** WORK INSTRUCTION **
Repeat the entries that follow, exactly as they are written.

Crawled caption data
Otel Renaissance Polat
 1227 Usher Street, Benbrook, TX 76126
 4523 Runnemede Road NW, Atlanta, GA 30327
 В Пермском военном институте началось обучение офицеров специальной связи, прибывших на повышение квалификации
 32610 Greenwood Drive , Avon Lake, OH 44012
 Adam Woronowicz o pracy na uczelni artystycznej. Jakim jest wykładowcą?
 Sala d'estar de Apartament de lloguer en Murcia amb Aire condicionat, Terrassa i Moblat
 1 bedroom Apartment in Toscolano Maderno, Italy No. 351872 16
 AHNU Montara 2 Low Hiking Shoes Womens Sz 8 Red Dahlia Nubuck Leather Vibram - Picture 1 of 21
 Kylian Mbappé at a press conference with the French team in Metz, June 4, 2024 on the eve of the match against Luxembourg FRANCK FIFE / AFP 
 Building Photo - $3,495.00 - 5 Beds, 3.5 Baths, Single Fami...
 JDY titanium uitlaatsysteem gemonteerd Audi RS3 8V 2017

** EXPECTED ANSWER **
Otel Renaissance Polat
 1227 Usher Street, Benbrook, TX 76126
 4523 Runnemede Road NW, Atlanta, GA 30327
 В Пермском военном институте началось обучение офицеров специальной связи, прибывших на повышение квалификации
 32610 Greenwood Drive , Avon Lake, OH 44012
 Adam Woronowicz o pracy na uczelni artystycznej. Jakim jest wykładowcą?
 Sala d'estar de Apartament de lloguer en Murcia amb Aire condicionat, Terrassa i Moblat
 1 bedroom Apartment in Toscolano Maderno, Italy No. 351872 16
 AHNU Montara 2 Low Hiking Shoes Womens Sz 8 Red Dahlia Nubuck Leather Vibram - Picture 1 of 21
 Kylian Mbappé at a press conference with the French team in Metz, June 4, 2024 on the eve of the match against Luxembourg FRANCK FIFE / AFP 
 Building Photo - $3,495.00 - 5 Beds, 3.5 Baths, Single Fami...
 JDY titanium uitlaatsysteem gemonteerd Audi RS3 8V 2017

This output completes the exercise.